I am a person who is full of words. I am a writer, a poet, a sermonizer, a blogger, a talker. Lots and lots of words.
And sometimes words escape me.
I don’t know how to convey the sorrow I feel at this one-year anniversary of the horrific murders at Tree of Life Synagogue on a lovely Shabbat morning.
I don’t know how to convey the anxiety I feel when I hear of yet another mass murder, in yet another city. I wonder, do I know someone there? And then I think, does it matter if I know anyone? Were children killed? But, does it matter how old the victims were?
I don’t know how to tell you about the tears that I can no longer shed. About the hard shell that is forming around my heart, shielding me from feelings that I simply don’t want to feel again.
I cannot begin to tell you how helpless I feel in the face of this onslaught of killings, hatred, bigotry, and antisemitism.
Senseless murders. Kids cowering in school. Armed guards outside our places of worship. Outside my place of worship, the place where I feel most safe, most comforted, most surrounded by the love of a caring community.

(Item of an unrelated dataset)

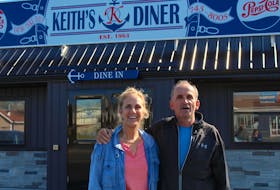 Jonelle Feaver grew up in the Goulds and is a huge fan of Keith’s Diner, a family owned restaurant which has been open in the area since 1963. She’s such a fan, her mother used to bring an order when she would fly to visit her in Toronto, where she now lives. Although she’s already had it three times since landing in the province for a visit last Thursday, she plans on having it the day before she leaves as well. Next to her is Keith Ward, who was the owner/operator since 1989. Now that he’s retiring, his daughter, Mallory, is the owner/operator.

I cannot tell you how I feel. But I can tell you what I believe.
Like the unknown person who wrote on a cellar wall in Germany during the Holocaust,
I believe in the sun, even when it is not shining.
I believe in love, even when I cannot feel it.
I believe in God, even when God is silent.
And I believe in us.
I believe with all my heart that normal, everyday citizens like you and me can make a difference.
I believe that our nation is better than this, that humanity is better than this, and I believe that we have the ability and the responsibility to do everything in our power to make our communities safe.
I can’t tell you how I feel; words escape me. But I know what I must do. And I will use my words, my actions, and all of my resources to work to restore sanity and safety.
This is the sermon I gave tonight at our @ShowUpForShabbat service in memory of those who perished at the Tree of Life Synagogue on October 27, 2018.